[Task material — start]

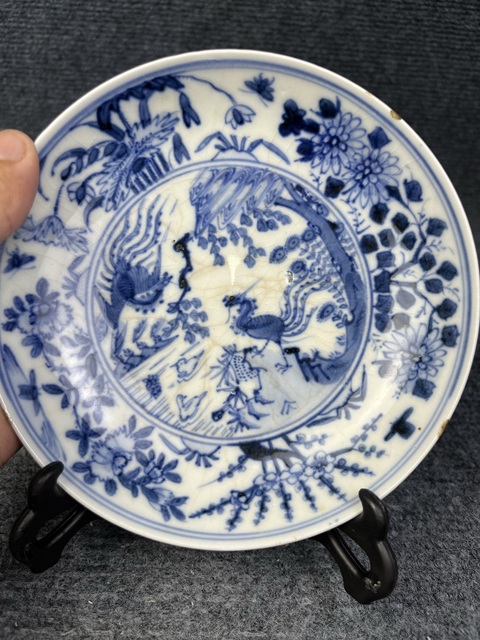 古玩陶瓷花鳥紋青花盤真品鑒賞圖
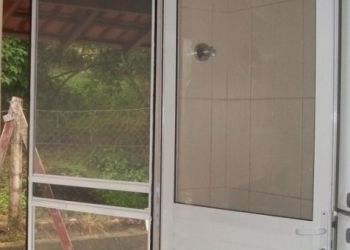 porta com dobradiÃ§a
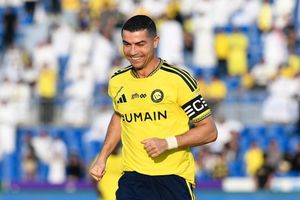 Ronaldo bị chê: 'Ghi những bàn dễ dàng nhờ được phục vụ'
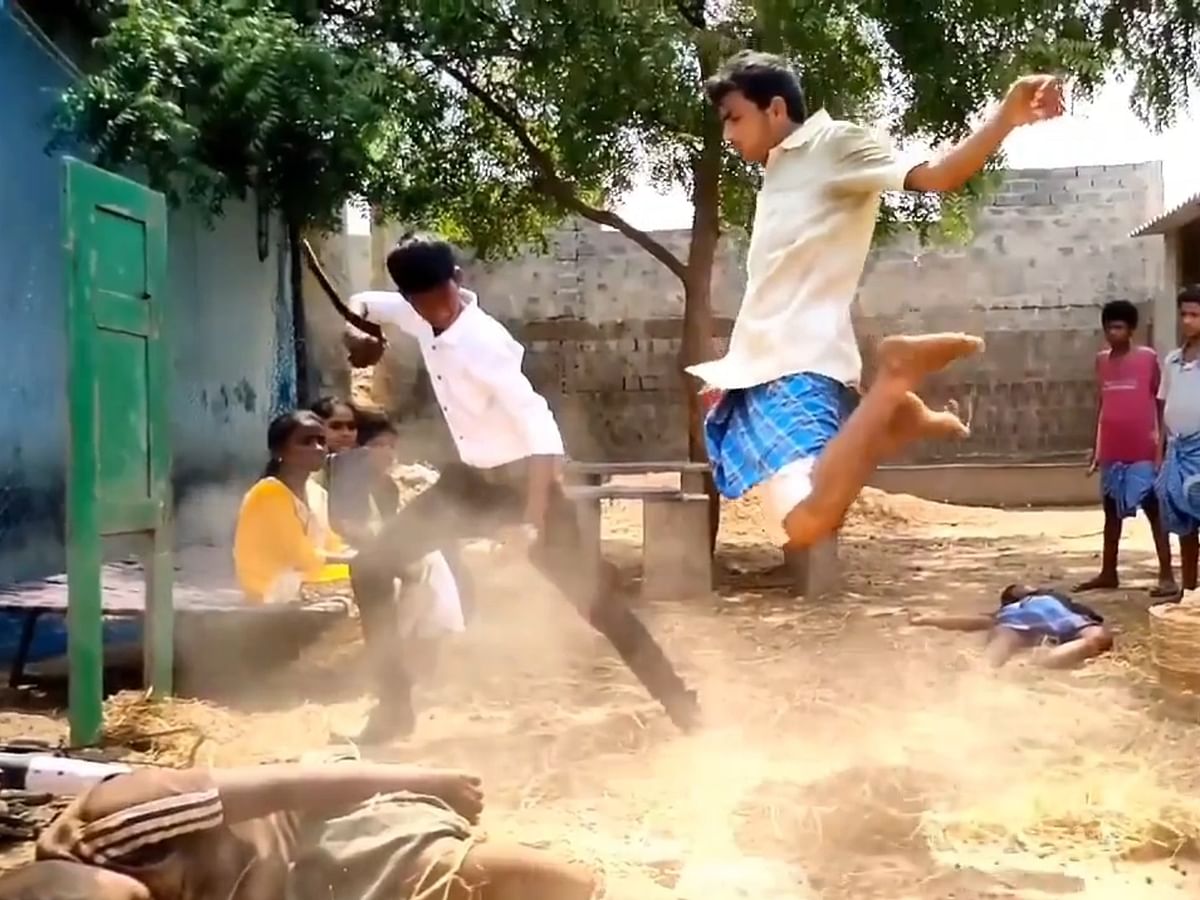 வக்கீல் சாப் வைரல் வீடியோ : பவன் கல்யாணின் பர்ஃபாமென்ஸையே மிஞ்சும் அந்த சிறுவர்கள் யார்?!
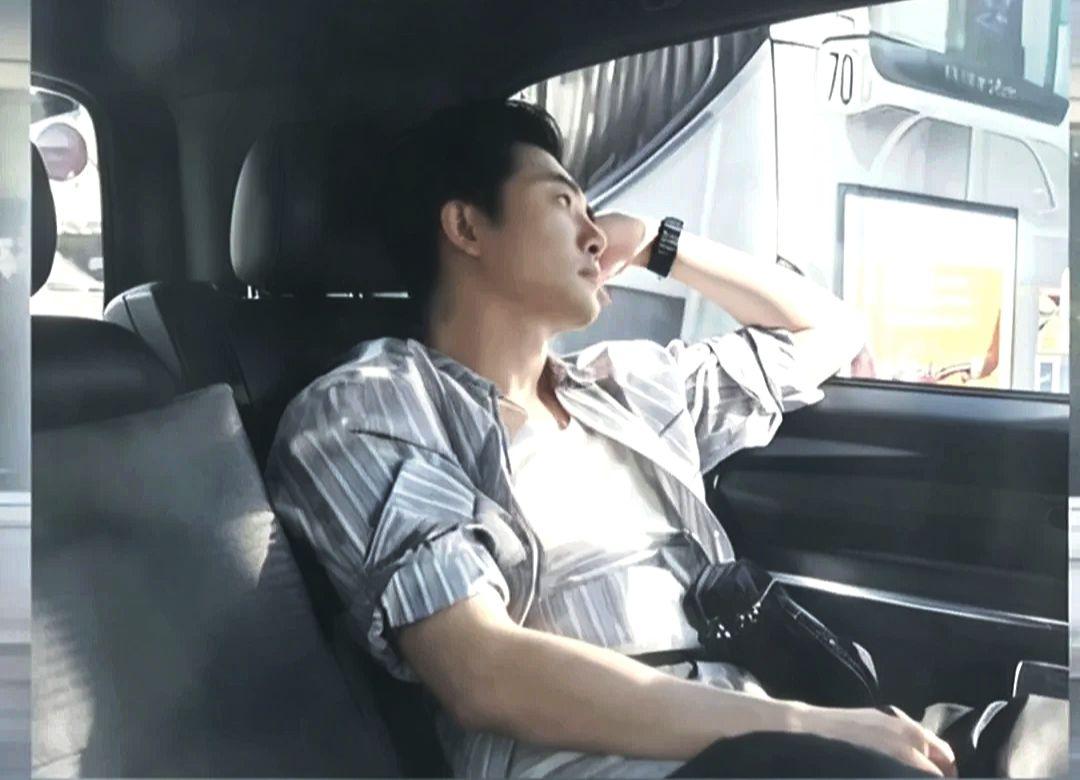 你是第一个发现我。越面无表情越是心里难过。伤感音乐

[Task material — finish]

Please transcribe exactly the lines from the one that contains "Ronaldo bị chê: 'Ghi" through the closing line of the entries, with no pictures.

 Ronaldo bị chê: 'Ghi những bàn dễ dàng nhờ được phục vụ'
 வக்கீல் சாப் வைரல் வீடியோ : பவன் கல்யாணின் பர்ஃபாமென்ஸையே மிஞ்சும் அந்த சிறுவர்கள் யார்?!
 你是第一个发现我。越面无表情越是心里难过。伤感音乐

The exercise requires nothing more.